__WORK TO COMPLETE__
Nothing outside the range is wanted. Repeat exactly the lines below from the one with "Fairy LiceMothers MagicHalo" through the one with "Image 1 : Diamond".

*** DATASET EXCERPTS ***

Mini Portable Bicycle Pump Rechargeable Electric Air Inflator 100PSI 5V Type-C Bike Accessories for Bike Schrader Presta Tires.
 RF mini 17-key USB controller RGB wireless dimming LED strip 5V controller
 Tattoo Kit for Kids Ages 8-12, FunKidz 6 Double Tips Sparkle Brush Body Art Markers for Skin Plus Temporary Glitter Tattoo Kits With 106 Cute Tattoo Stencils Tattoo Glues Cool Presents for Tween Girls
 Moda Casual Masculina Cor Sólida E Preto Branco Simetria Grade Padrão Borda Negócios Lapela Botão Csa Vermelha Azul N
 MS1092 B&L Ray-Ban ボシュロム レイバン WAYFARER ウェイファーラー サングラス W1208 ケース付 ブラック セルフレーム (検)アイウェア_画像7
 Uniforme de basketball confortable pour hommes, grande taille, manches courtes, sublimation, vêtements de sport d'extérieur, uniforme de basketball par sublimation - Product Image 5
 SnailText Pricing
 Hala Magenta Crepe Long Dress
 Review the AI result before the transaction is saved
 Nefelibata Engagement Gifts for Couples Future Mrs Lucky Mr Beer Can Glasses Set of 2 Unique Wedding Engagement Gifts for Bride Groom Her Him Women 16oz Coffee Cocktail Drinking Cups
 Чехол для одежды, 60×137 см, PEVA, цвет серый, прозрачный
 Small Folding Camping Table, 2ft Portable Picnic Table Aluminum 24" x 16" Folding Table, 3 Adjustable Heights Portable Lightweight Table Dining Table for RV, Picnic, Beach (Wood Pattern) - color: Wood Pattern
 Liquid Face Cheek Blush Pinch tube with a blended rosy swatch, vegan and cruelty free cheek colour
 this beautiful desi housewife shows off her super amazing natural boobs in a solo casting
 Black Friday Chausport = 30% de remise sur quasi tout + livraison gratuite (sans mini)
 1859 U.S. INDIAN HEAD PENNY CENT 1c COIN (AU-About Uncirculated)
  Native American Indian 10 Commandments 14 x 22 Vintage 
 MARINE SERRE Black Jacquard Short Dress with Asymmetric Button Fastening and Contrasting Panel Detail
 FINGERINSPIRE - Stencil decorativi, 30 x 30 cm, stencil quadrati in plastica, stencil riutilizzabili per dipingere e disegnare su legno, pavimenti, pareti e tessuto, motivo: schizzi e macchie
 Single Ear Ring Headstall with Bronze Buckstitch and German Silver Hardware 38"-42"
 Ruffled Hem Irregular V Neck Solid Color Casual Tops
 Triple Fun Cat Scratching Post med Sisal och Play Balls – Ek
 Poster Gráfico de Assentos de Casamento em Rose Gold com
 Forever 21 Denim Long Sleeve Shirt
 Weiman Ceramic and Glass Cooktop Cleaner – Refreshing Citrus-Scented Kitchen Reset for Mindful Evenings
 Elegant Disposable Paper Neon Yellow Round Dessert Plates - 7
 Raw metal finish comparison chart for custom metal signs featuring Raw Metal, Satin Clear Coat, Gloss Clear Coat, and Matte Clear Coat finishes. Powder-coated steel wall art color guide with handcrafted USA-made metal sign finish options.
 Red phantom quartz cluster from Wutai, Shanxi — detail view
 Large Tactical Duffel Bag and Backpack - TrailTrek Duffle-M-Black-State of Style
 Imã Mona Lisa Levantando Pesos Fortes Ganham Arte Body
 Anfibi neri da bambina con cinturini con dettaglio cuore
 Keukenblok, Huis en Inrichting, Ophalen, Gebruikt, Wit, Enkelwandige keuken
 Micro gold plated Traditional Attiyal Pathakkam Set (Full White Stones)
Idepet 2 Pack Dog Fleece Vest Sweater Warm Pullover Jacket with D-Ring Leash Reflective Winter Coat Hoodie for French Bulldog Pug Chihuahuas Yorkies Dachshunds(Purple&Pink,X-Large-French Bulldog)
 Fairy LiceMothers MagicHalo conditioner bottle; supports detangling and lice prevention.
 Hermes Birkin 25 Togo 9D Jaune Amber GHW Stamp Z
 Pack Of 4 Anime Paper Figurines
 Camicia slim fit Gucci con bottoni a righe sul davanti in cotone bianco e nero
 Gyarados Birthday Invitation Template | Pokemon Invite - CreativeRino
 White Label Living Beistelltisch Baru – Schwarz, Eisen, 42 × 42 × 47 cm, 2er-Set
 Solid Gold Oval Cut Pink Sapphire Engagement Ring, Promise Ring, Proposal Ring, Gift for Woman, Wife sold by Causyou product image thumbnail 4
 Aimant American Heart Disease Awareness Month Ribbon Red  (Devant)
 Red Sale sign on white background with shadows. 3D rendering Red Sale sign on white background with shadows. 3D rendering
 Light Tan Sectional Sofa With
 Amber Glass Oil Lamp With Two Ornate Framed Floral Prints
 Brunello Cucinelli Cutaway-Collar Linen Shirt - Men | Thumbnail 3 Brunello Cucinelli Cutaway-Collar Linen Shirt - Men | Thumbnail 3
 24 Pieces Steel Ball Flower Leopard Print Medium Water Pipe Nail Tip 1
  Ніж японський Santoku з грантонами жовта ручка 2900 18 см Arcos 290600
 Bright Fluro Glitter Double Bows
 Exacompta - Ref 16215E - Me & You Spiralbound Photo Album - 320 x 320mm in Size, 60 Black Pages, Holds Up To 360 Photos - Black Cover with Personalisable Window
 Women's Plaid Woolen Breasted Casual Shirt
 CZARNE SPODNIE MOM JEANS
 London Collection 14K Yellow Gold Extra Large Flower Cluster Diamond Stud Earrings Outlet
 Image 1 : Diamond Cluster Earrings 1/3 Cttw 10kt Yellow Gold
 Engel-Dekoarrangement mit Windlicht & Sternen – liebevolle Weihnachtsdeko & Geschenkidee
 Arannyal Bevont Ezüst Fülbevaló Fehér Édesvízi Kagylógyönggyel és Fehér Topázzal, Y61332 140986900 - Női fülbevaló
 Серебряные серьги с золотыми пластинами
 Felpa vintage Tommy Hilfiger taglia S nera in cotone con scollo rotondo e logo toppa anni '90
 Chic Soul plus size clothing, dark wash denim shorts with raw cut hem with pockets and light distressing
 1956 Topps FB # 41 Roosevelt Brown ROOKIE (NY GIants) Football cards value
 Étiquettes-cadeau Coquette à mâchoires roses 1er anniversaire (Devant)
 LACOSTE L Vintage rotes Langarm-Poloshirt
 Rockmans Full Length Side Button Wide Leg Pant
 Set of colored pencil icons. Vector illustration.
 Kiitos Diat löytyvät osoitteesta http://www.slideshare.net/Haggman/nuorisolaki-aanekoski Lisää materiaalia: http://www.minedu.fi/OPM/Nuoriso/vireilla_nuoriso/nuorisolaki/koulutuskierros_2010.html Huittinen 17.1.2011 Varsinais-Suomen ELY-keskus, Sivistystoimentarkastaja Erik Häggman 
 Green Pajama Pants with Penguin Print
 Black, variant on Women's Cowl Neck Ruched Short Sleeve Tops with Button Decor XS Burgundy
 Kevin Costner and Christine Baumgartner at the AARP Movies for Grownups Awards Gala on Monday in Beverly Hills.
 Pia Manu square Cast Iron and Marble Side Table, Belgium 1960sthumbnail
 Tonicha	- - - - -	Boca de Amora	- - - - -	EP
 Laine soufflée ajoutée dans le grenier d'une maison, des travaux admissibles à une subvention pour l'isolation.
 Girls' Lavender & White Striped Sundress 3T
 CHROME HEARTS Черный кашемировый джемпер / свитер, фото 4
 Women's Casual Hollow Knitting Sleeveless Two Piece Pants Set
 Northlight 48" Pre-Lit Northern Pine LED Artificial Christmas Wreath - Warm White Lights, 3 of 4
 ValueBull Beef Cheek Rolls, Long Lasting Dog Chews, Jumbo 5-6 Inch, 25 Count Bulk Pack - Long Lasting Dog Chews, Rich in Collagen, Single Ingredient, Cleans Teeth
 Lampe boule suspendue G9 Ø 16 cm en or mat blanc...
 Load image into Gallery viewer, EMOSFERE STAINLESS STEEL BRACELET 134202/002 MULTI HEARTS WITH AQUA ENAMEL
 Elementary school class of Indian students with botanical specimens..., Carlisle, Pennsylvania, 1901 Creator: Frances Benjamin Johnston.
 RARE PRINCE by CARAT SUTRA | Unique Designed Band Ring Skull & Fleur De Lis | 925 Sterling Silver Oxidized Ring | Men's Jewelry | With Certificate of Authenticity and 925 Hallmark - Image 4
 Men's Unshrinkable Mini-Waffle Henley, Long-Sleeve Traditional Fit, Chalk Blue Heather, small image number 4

*** End of DATASET EXCERPTS ***

__EXERCISE SOLUTION__
 Fairy LiceMothers MagicHalo conditioner bottle; supports detangling and lice prevention.
 Hermes Birkin 25 Togo 9D Jaune Amber GHW Stamp Z
 Pack Of 4 Anime Paper Figurines
 Camicia slim fit Gucci con bottoni a righe sul davanti in cotone bianco e nero
 Gyarados Birthday Invitation Template | Pokemon Invite - CreativeRino
 White Label Living Beistelltisch Baru – Schwarz, Eisen, 42 × 42 × 47 cm, 2er-Set
 Solid Gold Oval Cut Pink Sapphire Engagement Ring, Promise Ring, Proposal Ring, Gift for Woman, Wife sold by Causyou product image thumbnail 4
 Aimant American Heart Disease Awareness Month Ribbon Red  (Devant)
 Red Sale sign on white background with shadows. 3D rendering Red Sale sign on white background with shadows. 3D rendering
 Light Tan Sectional Sofa With
 Amber Glass Oil Lamp With Two Ornate Framed Floral Prints
 Brunello Cucinelli Cutaway-Collar Linen Shirt - Men | Thumbnail 3 Brunello Cucinelli Cutaway-Collar Linen Shirt - Men | Thumbnail 3
 24 Pieces Steel Ball Flower Leopard Print Medium Water Pipe Nail Tip 1
  Ніж японський Santoku з грантонами жовта ручка 2900 18 см Arcos 290600
 Bright Fluro Glitter Double Bows
 Exacompta - Ref 16215E - Me & You Spiralbound Photo Album - 320 x 320mm in Size, 60 Black Pages, Holds Up To 360 Photos - Black Cover with Personalisable Window
 Women's Plaid Woolen Breasted Casual Shirt
 CZARNE SPODNIE MOM JEANS
 London Collection 14K Yellow Gold Extra Large Flower Cluster Diamond Stud Earrings Outlet
 Image 1 : Diamond Cluster Earrings 1/3 Cttw 10kt Yellow Gold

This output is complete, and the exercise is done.